Cloud computing has revolutionized the way that companies of all sizes and industries do business, including the financial planning & analysis process. According to a survey by accounting firm BDO, 74 percent of chief financial officers predicted that the cloud would be the factor with the most measurable impact on their business in 2017.
While the benefits of the cloud are by now well-known, migrating to the cloud isn’t the right choice for every organization. It’s for this reason that Oracle continues to offer two versions of its enterprise performance management (EPM) software, one cloud-based and one on-premises.
In this blog post, we’ll explore the differences between Oracle’s software products for financial consolidation and reporting: Hyperion Financial Management and Oracle Financial Consolidation and Close Cloud (FCCS).
What is Hyperion Financial Management?
Hyperion Financial Management (HFM) is a web-based Oracle software application for financial consolidation and reporting.
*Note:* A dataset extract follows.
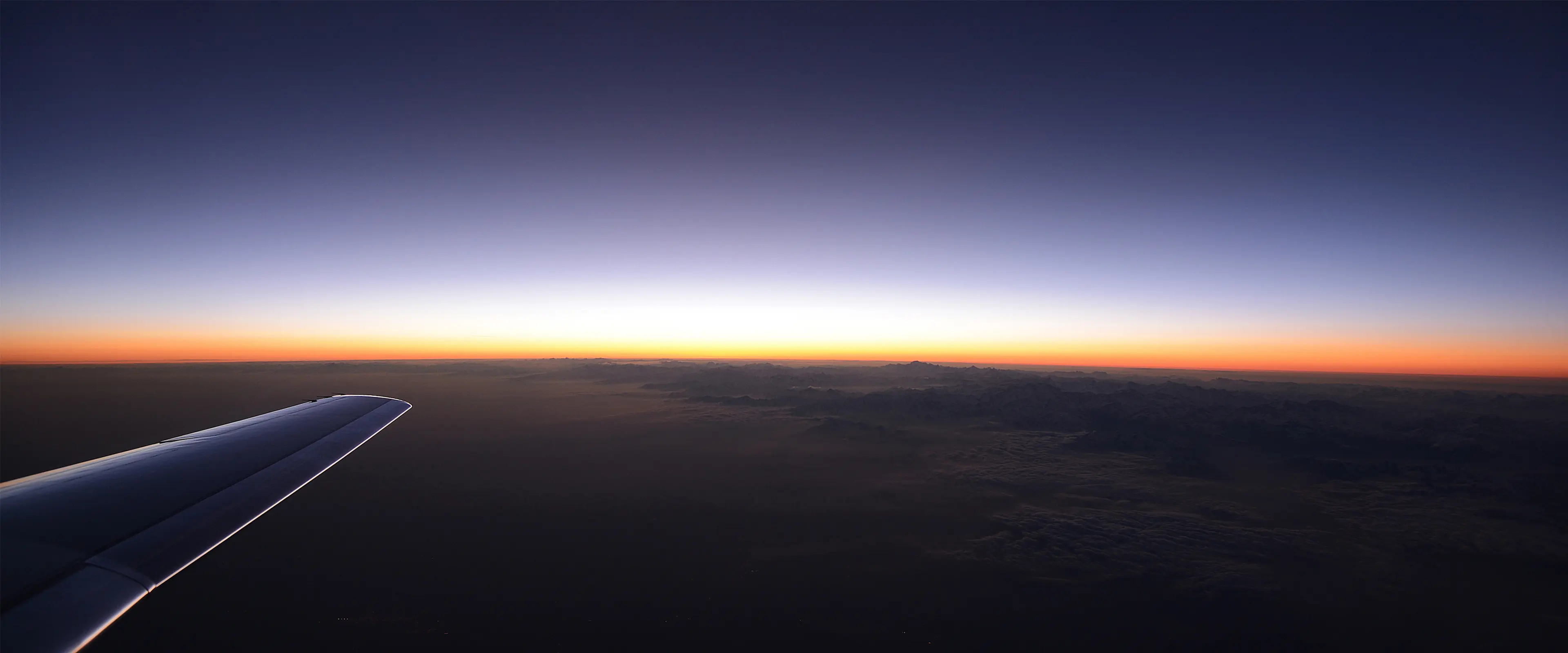 飞机舷窗外日出美景壁纸 3840×1600 预览图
HFM is a robust, mature solution for organizations’ consolidation requirements. It includes features such as cost allocations, intercompany balance eliminations, and currency translations.
What is Oracle FCCS?
While some cloud software is ported directly from its on-premises equivalents, other applications are built completely from scratch. Oracle Financial Consolidation and Close Cloud (FCCS) falls into the latter category.
Oracle FCCS uses the same technology stack as Oracle (E)PBCS, which is Oracle’s financial planning and budgeting solution in the cloud. However, Oracle FCCS also includes elements such as pre-built rules and metadata that are specifically intended for consolidation.
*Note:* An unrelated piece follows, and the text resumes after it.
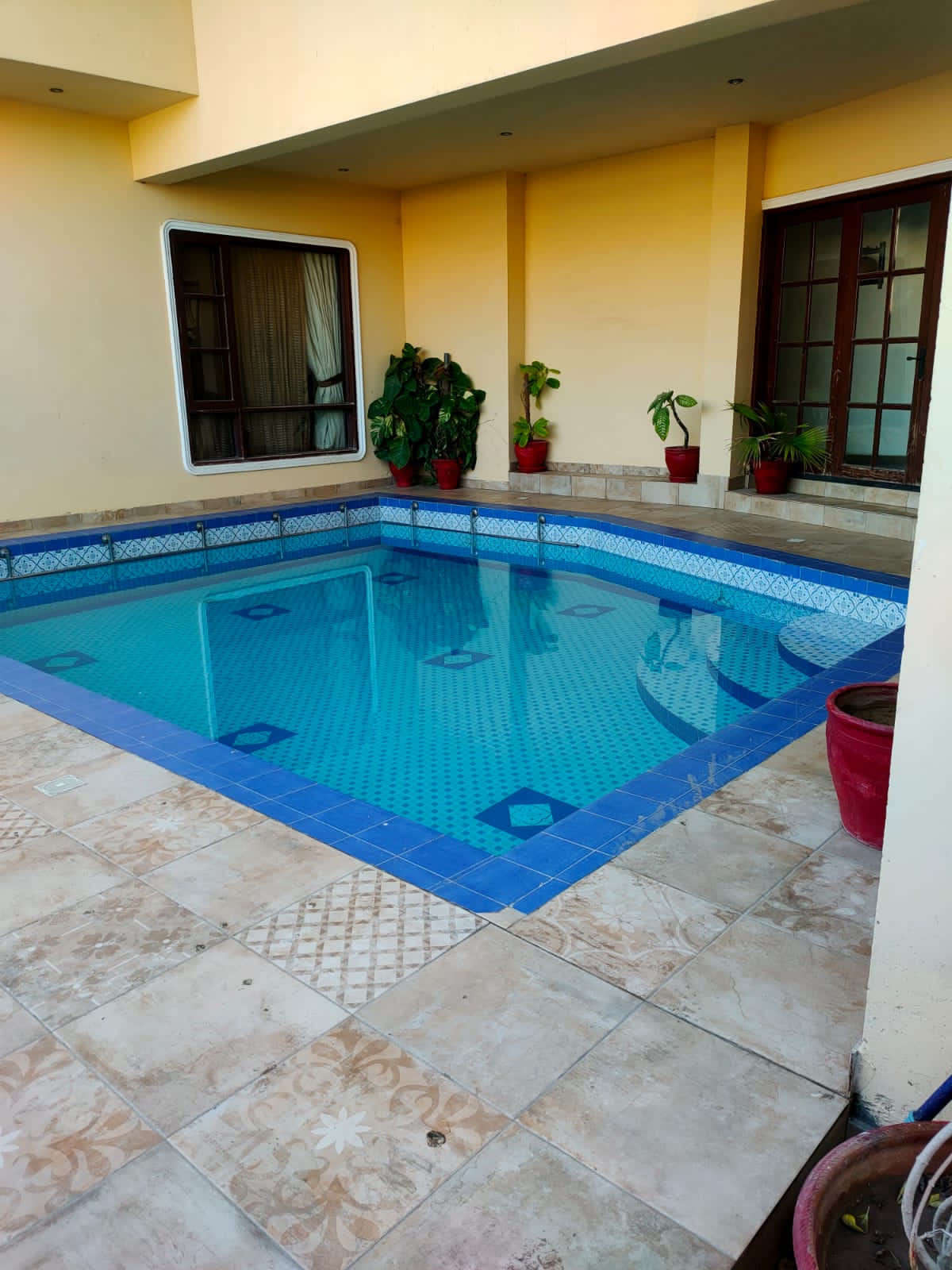 1000 Yards house for sale in phase 8 DHA Karachi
Hyperion Financial Management vs. Oracle FCCS
In our blog post on Hyperion Planning and Oracle (E)PBCS, we found that the cloud version of the software now largely outstrips the on-premises version. However, the opposite is true for HFM and Oracle FCCS, likely because Oracle built the cloud version from the ground up.
Although most of the core functionality of HFM is now available in the cloud, there are still a few features missing, such as:
- Multiple applications: HFM allows users to run multiple instances of the application at the same time, while FCCS requires users to create separate instances in the cloud.
- Advanced consolidation and journals: Oracle FCCS does not support parent currency journal entries or more complex questions about non-controlling interest and partial ownership like equity pickup. While not currently present in Oracle FCCS, these features are slated for future inclusion.
- Advanced custom rules: HFM gives users more freedom to define their own custom rules. However, the core consolidation and translation rules are pre-built and do allow for configuration. Additional rules can also be created, though the list of supported Essbase functions is limited. Additional functions are slowly being added to Oracle FCCS.
As a cloud-based product, however, Oracle FCCS does enjoy some advantages over HFM as well. These include nightly backups, monthly updates, the ability to smoothly switch between cloud applications, and prebuilt reporting capabilities.
Because HFM includes features that have yet to be ported to the cloud, some organizations might want to hold back on an Oracle FCCS migration just yet. For companies who don’t need this advanced functionality, however, moving to the cloud will give you access to the latest updates and put you at the vanguard of Oracle’s FP&A software releases.